Most practical radial outflow turbines are Reaction-type turbines, whereas the converse, radial inflow turbines can be either reaction type, impulse type (in the case of a typical turbo-supercharger), or intermediate (in the case of Francis turbines for example.)

== Components of Out-flow Turbine ==
The Main Components of Reaction Turbine are :

- Casing/ Involute: Typically the Runner shaft bearings, rotating seals, guide vane assembly and inlet tube are mounted to the casing
- Guide Vanes: In liquid turbines these are also sometimes referred to as Wicket gates. These convert some of the pressure energy into momentum energy, but their main functions are to control the flow rate and impart an average tangential velocity on the fluid greater than or equal to the tangential velocity of the runner inlets. In an OFRT these are typically mounted concentrically, in the same plane as the turbine. However the guide vanes can also be designed in an axial or diagonal/mixed configuration.
- Runner/Turbine: The passage between the blades has a converging-diverging profile. The majority of the head loss or pressure drop occurs as the working fluid passes through the turbine in radial outflow design. The runner is connected to the shaft which rotates along with it and thus this can be used for power production. Depending on the design, the flow through the turbine may be strictly planar, or it may enter the turbine axially and undergo a 90° turn therein.
- Draft Tube: It is connected to outlet of the turbine which assists fluid exiting the spiral casing. It is used because the exit pressure may becomes less than the stagnation pressure within the tail race and thus it may become difficult for the fluid to proceed downstream causing choked-flow. To make it exit from the tail race/involute it's necessary to provide diverging cross section so that the pressure can increase while the linear velocity greatly decreases.
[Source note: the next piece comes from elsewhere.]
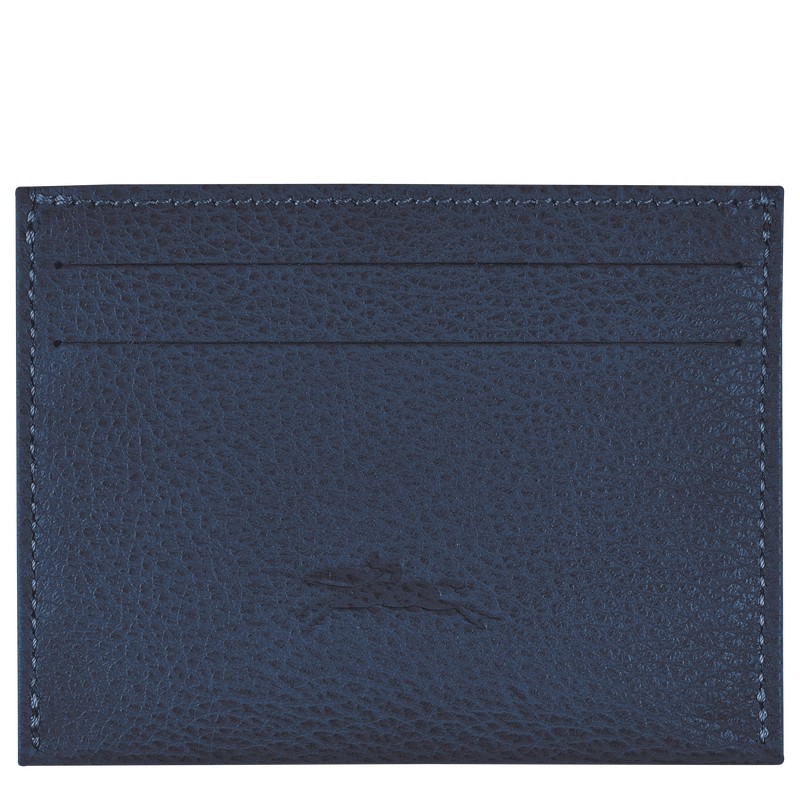 Longchamp Le Foulonné Cardholder Lacivert | 24679-GIOB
== Comparison between inward and outward radial flow reaction turbine ==

| Inward flow reaction turbine | Outward flow reaction turbine |
|---|---|
| Fluid enters at outer periphery of runner and flows radially inward toward the centre thus flow is radially inwards toward the centre. | Here the flow is radially outwards and the fluid gets discharged at the outer periphery of the runner |
| Centrifugal head h= (u2^2 -u1^2 )/2g but u2<u1 which means that the centrifugal head imparted on fluid during the flow through runner is negative. | Centrifugal head h= (u2^2 -u1^2 )/2g but u2>u1 which means that the centrifugal head imparted on fluid during the flow through runner is positive. |
| Easy speed control and load following. | Difficult to control the speed. |
| Discharge is constant. | Discharge increases. |
| Used in medium and high head conditions. | Used in small head conditions. |
| Difference in tangential velocity between the runner inlet and outlet positively contributes to the shaft power. | Difference in tangential velocity between the runner inlet and outlet negatively impacts shaft power. |

== Advantages ==
Some of the advantages of radial outflow turbine are:

- The configuration of radial flow turbine is simple, similar to a centrifugal compressor.
- Radial flow turbines are mechanically robust compared to axial turbines and they are easy to configure. As a result of that they were considered for the application before axial turbine. They are more tolerant of overspeed and temporary temperature extremes.
- Radial flow turbines have higher energy extraction capability in one single stage.
- Because the high pressure side is near the rotational axis (at low radius), it is possible to keep leakage losses lower than with other reaction turbines (Ljungström, axial or in-flow radial). This is more important in small turbines where complex rotating seal systems aren't cost effective.
Radial flow turbines are generally more preferred in small turbines because of simpler construction. Radial flow turbine rotor does not use aerofoil sections, as a result of which the rotor of radial flow turbine has a shape very similar to a centrifugal compressor and it uses 3D shape for energy extraction. They are more conducive to being produced from a single casting or round billet as a Bladed-disk or "blisk."